[Work task] Only the lines of the listing below that run from the line with "فستان فضفاض بأكمام" through the line with "Joycorners Floral Warmblood" are to be set down, word for word. Pictures stay out.

[The records]
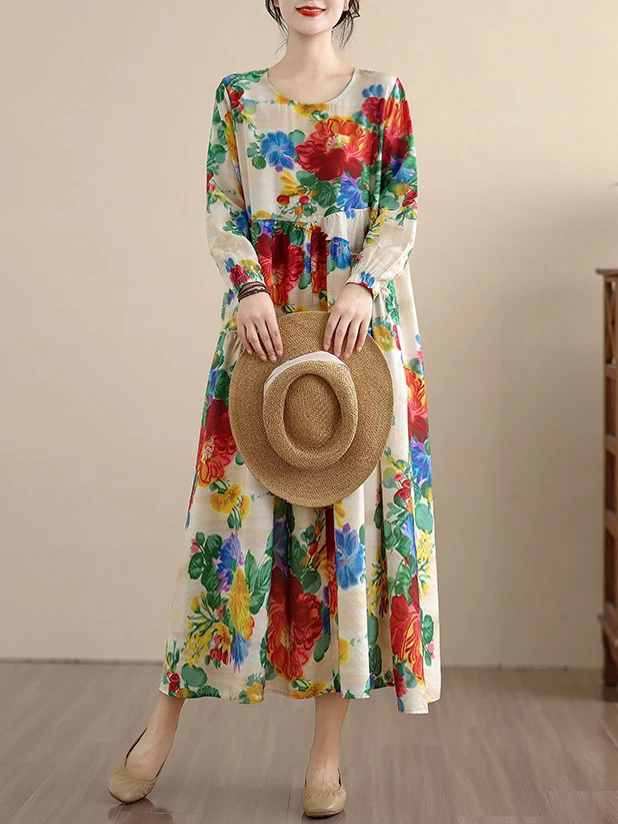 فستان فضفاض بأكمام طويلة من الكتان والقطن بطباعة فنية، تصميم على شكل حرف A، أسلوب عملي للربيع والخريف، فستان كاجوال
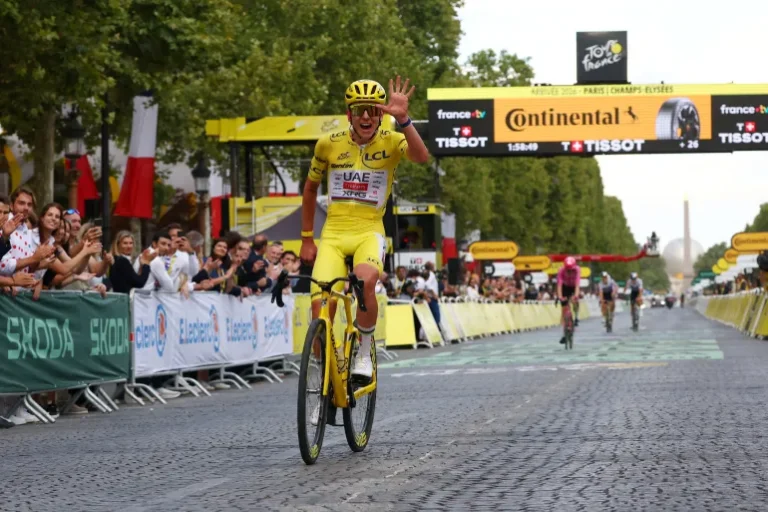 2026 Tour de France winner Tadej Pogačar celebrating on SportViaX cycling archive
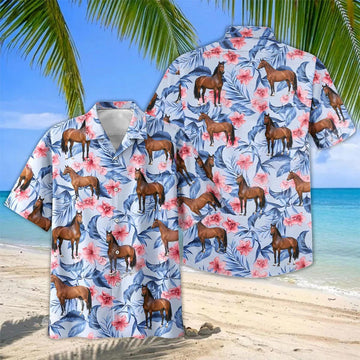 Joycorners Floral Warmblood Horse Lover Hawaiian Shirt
* * *
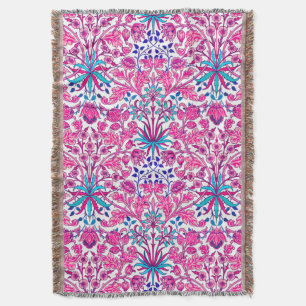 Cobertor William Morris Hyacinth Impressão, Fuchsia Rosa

[Response to the task]
 فستان فضفاض بأكمام طويلة من الكتان والقطن بطباعة فنية، تصميم على شكل حرف A، أسلوب عملي للربيع والخريف، فستان كاجوال
 2026 Tour de France winner Tadej Pogačar celebrating on SportViaX cycling archive
 Joycorners Floral Warmblood Horse Lover Hawaiian Shirt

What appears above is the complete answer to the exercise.